Throne of Truth

Page 66

His stoic frame shook violently. “You don’t see what I do, Elle. What I’m turning you into. You used to be so pure, and I’m...ruining you. I’ve trapped you in this life when really I should be cruel to you, so you’ll leave me to my own fuck ups.”

His honesty about hating me came full circle with his admission about why.

He was confused. I was confused. Just like every couple who ever had to climb over a few stumbling blocks was confused.

That was romance.

It wasn’t paint-by-numbers or color within the lines. It was messy and scribbly and up to us to draw it how we wanted.

I’d forgiven him the moment he admitted he was hurting.

Taking the argument and turning it into confession, I said, “Despite what you think, I did try to find you. Every day for months, I called police stations. I asked David to hire private investigators to learn your name. I even hired a sketch artist to draw a likeness of you, so people didn’t laugh me out of offices when I mentioned I had no idea who you were but had to help you.”

Penn’s face shattered. “You did?”

“Not a single day went by that I didn’t have guilt on my thoughts. I fell for you, too. I think that’s why I fought you so much when you came back. I couldn’t stomach the thought that I could be attracted to another when I was still hung up on Nameless.”

He swallowed, shaking his head slightly as if he wanted to take every nasty thing he’d done and destroy it.

I wished he could.

I wished we could go back to the night we’d met again at the Weeping Willow, and he’d pulled me into his arms to whisper about Central Park and chocolate kisses.

“You called me Nameless?”

I laughed under my breath. The angry tension snapped, leaving a calm rain-battered landscape in its wake. “What else could I call you?”

“I had no idea you tried to find me.”

“Because you didn’t ask.”

He closed his eyes, tormented and full of regret. “Christ, I ruined everything.”

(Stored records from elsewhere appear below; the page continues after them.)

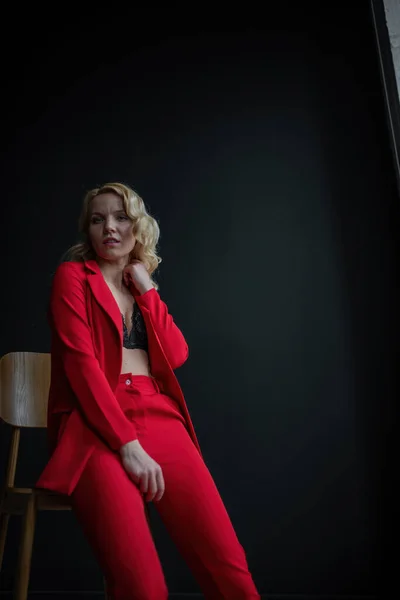 Young adult beauty woman in formal evening suit of red color with lace black bra underwear standing by thoughtful. Stylish blonde curly hair model fashionista posing at studio in fashion pantsuit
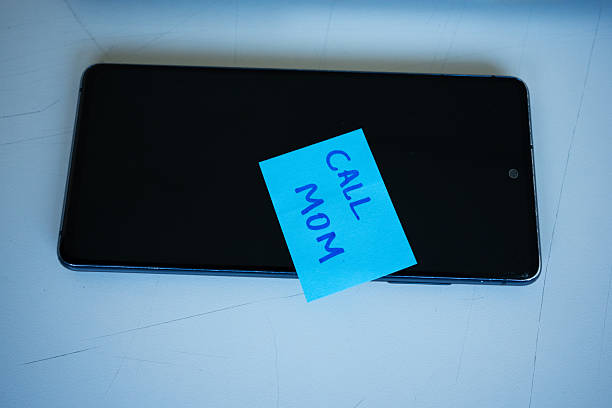 Pink adhesive paper with text that says phone number written on it, stuck on a brown board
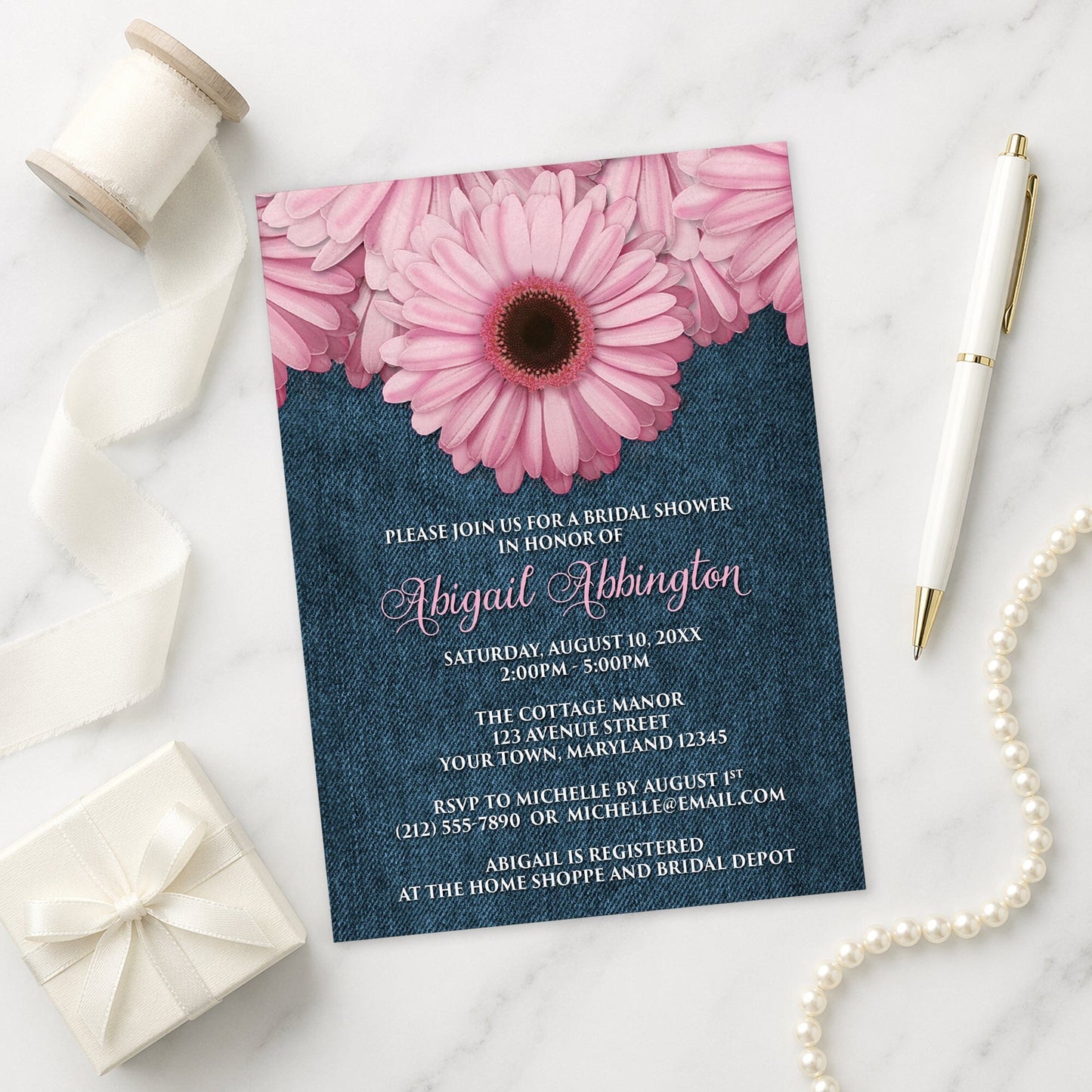 Rustic Pink Daisy and Denim Bridal Shower Invitation shown on a marble surface with a white gift box, pen, ribbon, and pearls.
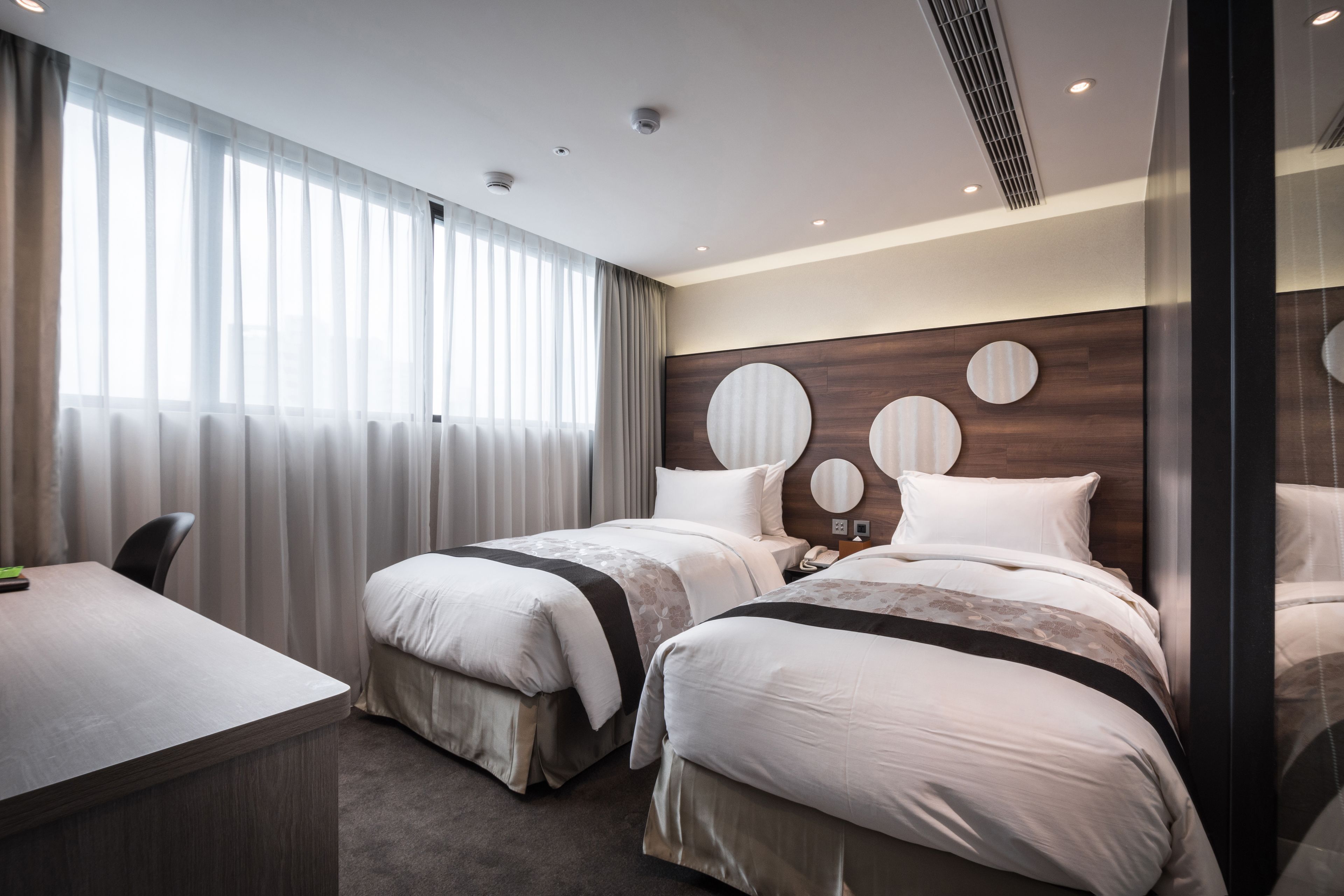 A hotel room with two beds, a desk, and a large window with curtains.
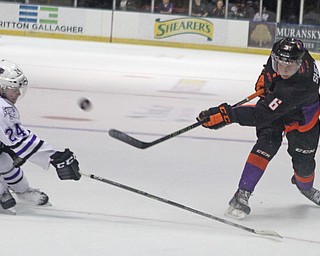 Youngstown Phantoms defensemen Ryan Shea (6) takes a shot on goal while being defended by Dan Labosky (24) of the Tri-City Storm during the first period of Friday nigths matchup at the Covelli Center in downtown Youngstown.  Dustin Livesay  |  The Vindicator  2/5/16  Covelli Center.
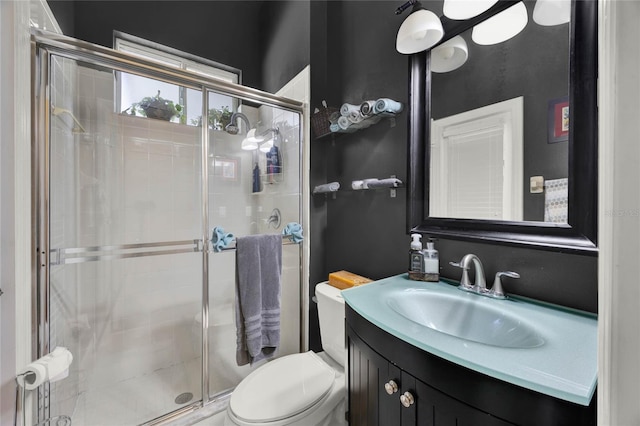 bathroom featuring a shower with door, vanity, and toilet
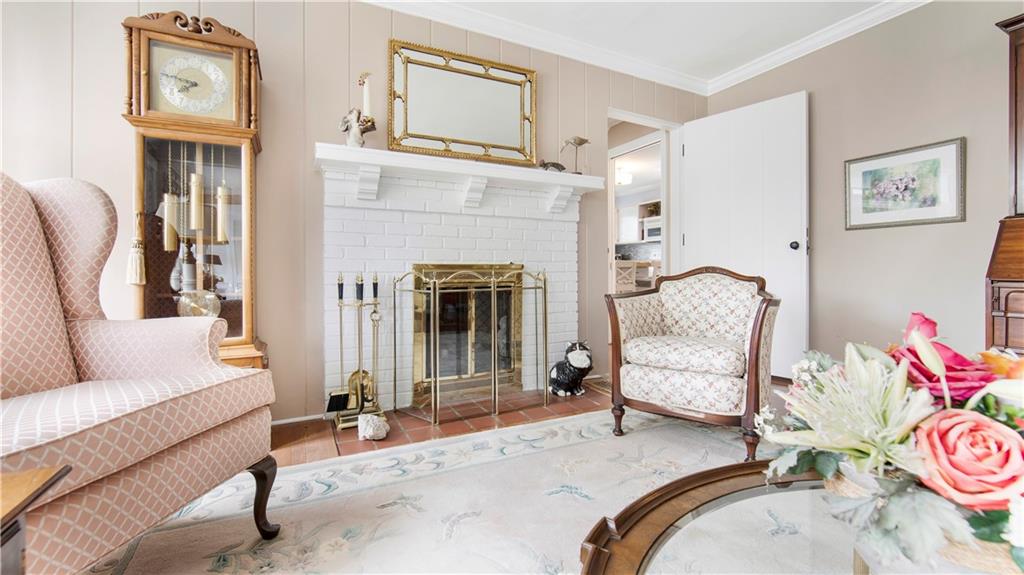 2034 Mohawk Road Pittsburgh, PA 15241 - Photo 4 of 25 a living room with furniture and a fireplace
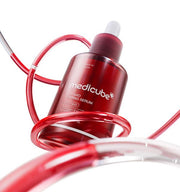 ProtoClinical k-beauty deep burgundy beauty product silhouette with pale aqua side accents on a light background.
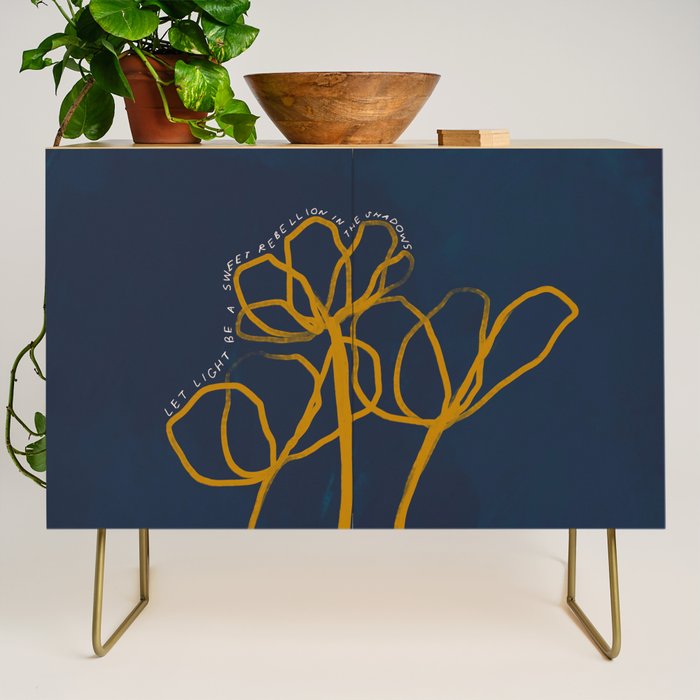 "Let Light Be A Sweet Rebellion In The Shadows." Credenza Gallery Image 1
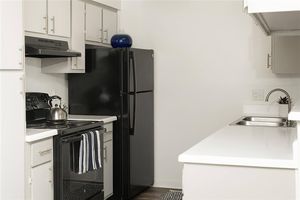 Bright kitchen space with white cabinets, black appliances, and silver finishes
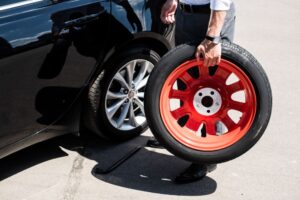 A person holds a red GTX02 spare tire next to a black car with one tire removed, preparing to change it on a sunny day.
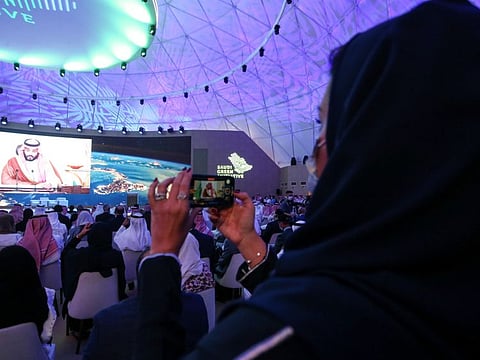A woman records while Saudi Arabia's Crown Prince Mohammad bin Salman speaks during the Saudi Green Initiative Forum to discuss efforts by the world's top oil exporter to tackle climate change in Riyadh on October 23, 2021.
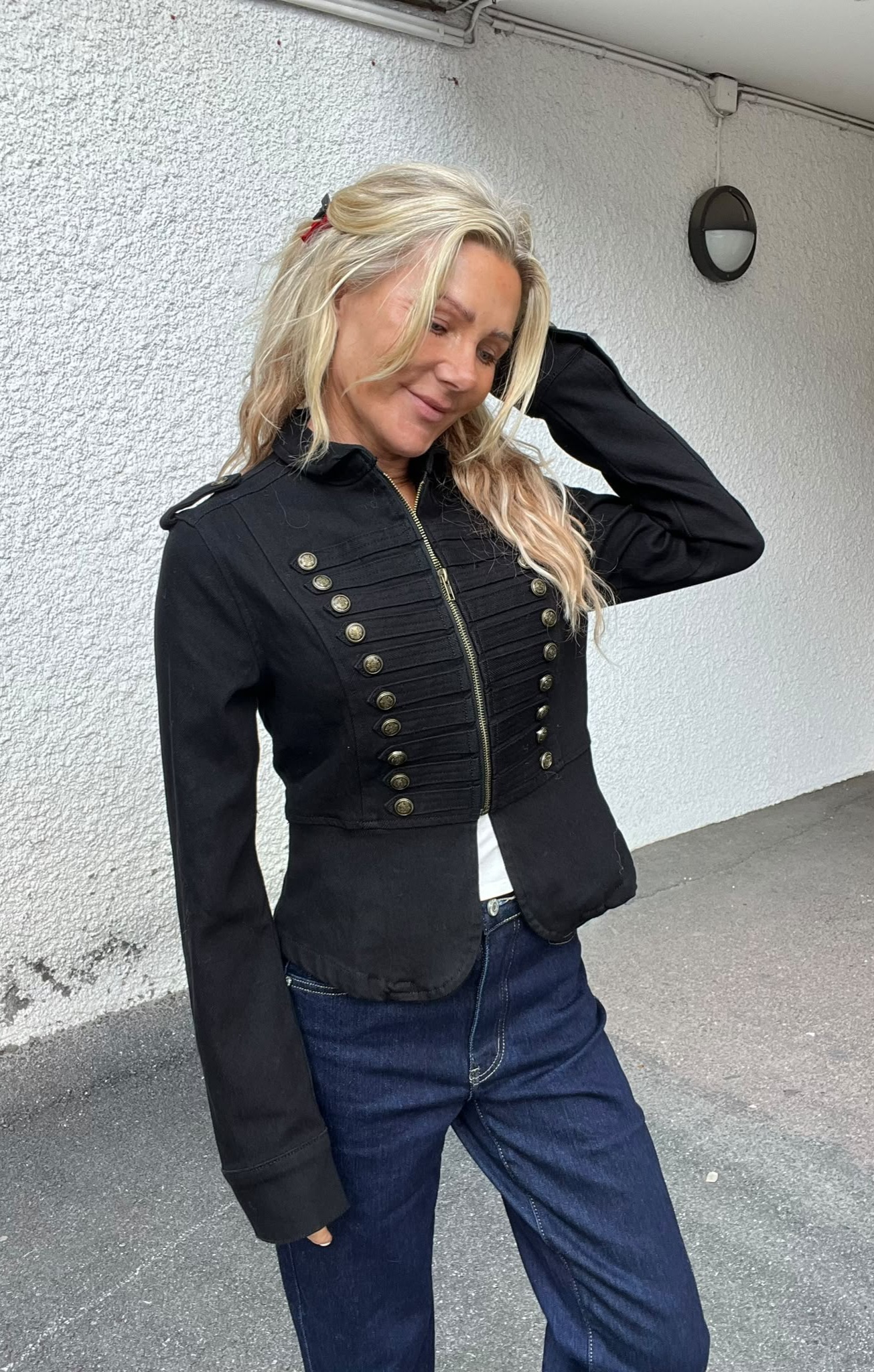 Blond kvinna poserar lutad mot en vit, grovputsad vägg och håller ena handen bakom huvudet. Hon bär en svart, figursydd jacka med dragkedja och dekorativa knappar samt blå jeans; utomhus vid en vägglampa.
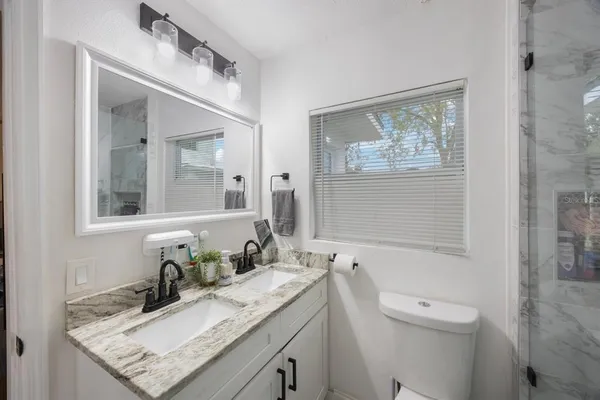 a bathroom with a granite countertop sink mirror vanity and toilet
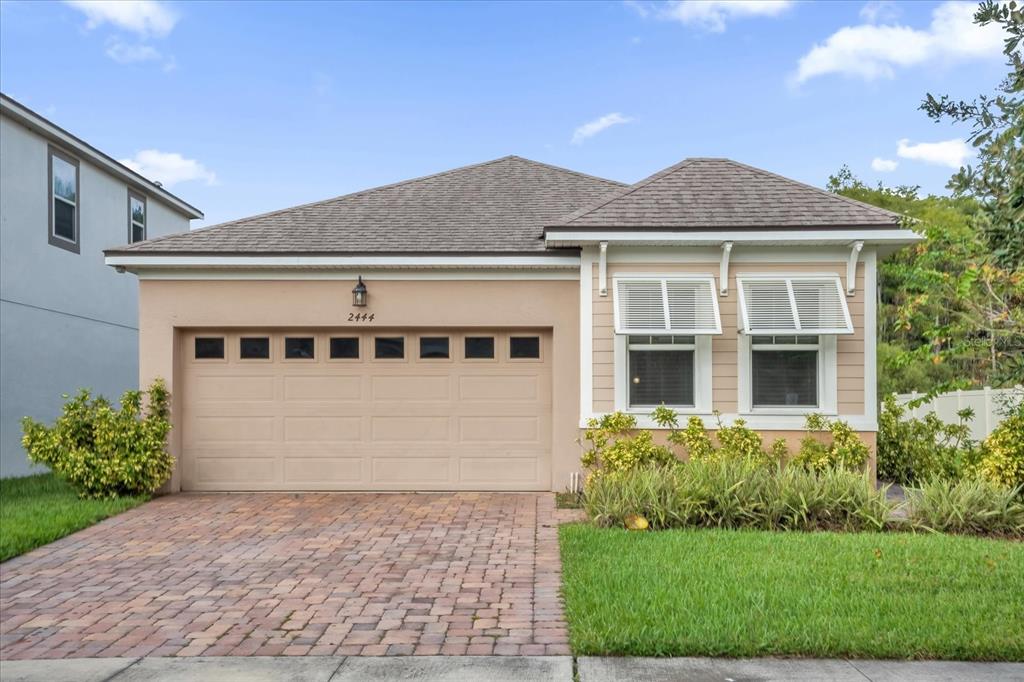A single-story house with a beige stucco exterior, a two-car garage, and a brick driveway — 2444 VARENNA LOOP, KISSIMMEE, FL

“No, you didn’t,” I murmured, staring into his haunted gaze. “You just complicated it a little.” Brushing my skirt with suddenly nerve-damp fingers, I added, “But you can’t tell me what to do, Penn. Just like you couldn’t pretend you were something you weren’t.”

I closed the distance between us. “I agree you screwed up. You should’ve given me a chance when you first came to find me. You should’ve trusted in what you felt that night and let me explain.”

His throat worked as he swallowed. “I’m an idiot.”

“You’re not. You’re just not used to trusting people.”

“If I trust you, Elle, I give you everything I have. I don’t—I don’t know if I can.”

I squeezed my fingers with his. He reluctantly squeezed me back, then almost crippled me with pressure-filled apology.

I brought our joined hands to my mouth and kissed his knuckles. “You have to. Because I’ve already given you everything I have. Even if we end up killing each other, you have every piece of me.”

Penn smiled sadly, utterly solitary and unreachable. “I don’t deserve that.”

He said it as if rejecting my gift.

I’d come here to be connected, yet at that moment, all I felt was loneliness. It wasn’t just physical distance this time but emotional. Penn successfully tugged on all my self-doubt and made me wish things could’ve been different.

That we’d clung to each other that first night.

That I’d been honest and he’d been honest, and we’d fought for each other.

But things weren’t different and could never be.

We had to fight for our future, not what went wrong in our past.

“I can’t have that responsibility,” he whispered. “I can’t let you give me what I’ve always wanted when I don’t fucking deserve it.”

“But you do—”

His lips twisted into a snarl. “I don’t. I was wrong, okay? You were never spoiled. I know how hard you work for your company. I see how much you dote on your father. I understand how Belle Elle and its staff wouldn’t exist without you. You’re so much better than any dream version I could’ve created of you, and that...well, it fucking terrifies me.”

He looked at the floor, severing our connection. “That night in the limo...I was going to break it off. Hell, I was supposed to break it off with you the first time I let you walk out of my apartment without me and almost got hurt by that asshole on the street. I told myself I didn’t care what happened to you. I’d got what I wanted. You’d gotten what you wanted. We were through. But that fucking night three years ago.”

He squeezed my fingers. “I can’t explain it. Maybe I was so lonely I would’ve fallen for anyone who treated me with kindness. Perhaps, I would’ve handed over my soul to the first girl who saw past my rags and lack of riches and kissed me. But I don’t think that’s true. It was you, Elle.” His eyes shone with dark passion. “I fell for you the second I met you. I don’t care if that’s idiotic or improbable; it’s true. The one piece of truth I could never hide with the countless lies I told. I just—”

His head hung. His fingers spasmed. “I’m sorry.”

All my fight trickled away.

I walked into his embrace, slotting myself neatly into him as he rested his chin on my scalp. “I’m sorry, too. I’m sorry I didn’t find you. I’m sorry I left you.”